I also find that the E09 has relatively more throw than other AAA lights. You can see this in the beam shots. I'm not sure if this is an advantage or not. Generally, I prefer floody lights for EDC. But the small size, cheap price and robust build of this light mean I can throw it in a bag or pocket and have it when I need it and not worry about it.


----------



## njet212 (Oct 10, 2013)

@yoyoman: E09 is quote throw but my Inova XS has much better throw because it's use Cree XP-C which has smaller LED compared with XP-E
For me i would prefer flood AAA light rather than focus AAA light, i think it's designed for short distance use such as finding key hole, navigating dark path etc. For that kind of purposes having too intense hot spot is making my eyes tired.


----------



## yoyoman (Nov 21, 2013)

I agree - I generally prefer AAA lights to be more floody because that is more useful in a small, edc light.


----------



## TweakMDS (Nov 21, 2013)

I love this light a lot. It's way too throwy (but that's also a good thing), with a bad beam full of artefacts, but at the same time it's built well (at least from the outside), has proven itself to take a beating (falling out of the car, being thrown into some water etc), and perhaps most importantly, it's dirt cheap and afaik the brightest to run on AAA eneloops.

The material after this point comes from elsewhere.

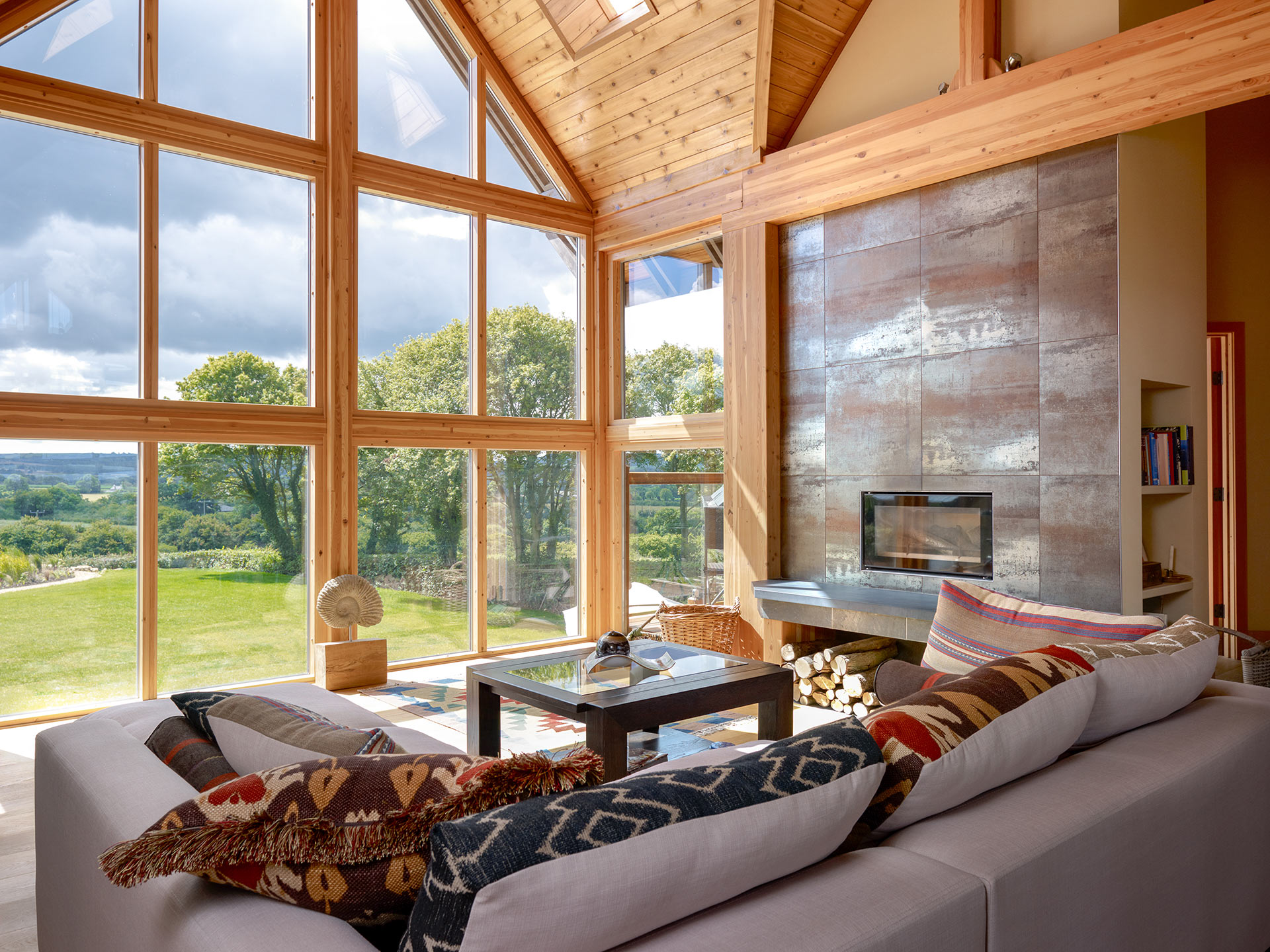 large living room space with inbuilt fire place in wall and large double height vaulted ceilings and feature window wall looking out to countryside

Only thing I could wish for is this light but with a momentary clicky.


----------



## can'townenough (Nov 22, 2013)

Nice review I know its not a aaa light but the xtar wk21 rcr123 light is another descent small light. I have a energizer 1aa which I've been using a 14500 in instead of what's recommended for over a year now with surprisingly no issues... yet atleast. The energizer was $9.99 at checker auto.


----------



## Northern_Lights (Nov 22, 2013)

Nice review, may have to pick one of these up.


----------



## Maltytasker (Jan 10, 2014)

I have had one of these on my keychain for a couple of months, same color as the one in this review, and have found that the finish is wearing off on all of the edges on and around the light, revealing the bare aluminum. The material used in this finish seems very weak. I like the brightness, despite the irregularity of the center beam, but have decided to go to the Klarus MiX6 because I want the strobe feature in case I have a traffic emergency at night. The beam on that light isn't nearly as bright, but I really like the SS finish.


----------



## Ray F. (Mar 10, 2014)

Thanks for this review! I just bought one of these today for the collection. Hasn't arrived yet. I noticed specification is 120 lumens. I guess you have to use 10440 for that?


----------



## kreisl (Mar 11, 2014)

Ray F. said:


> noticed specification is 120 lumens. I guess you have to use 10440 for that?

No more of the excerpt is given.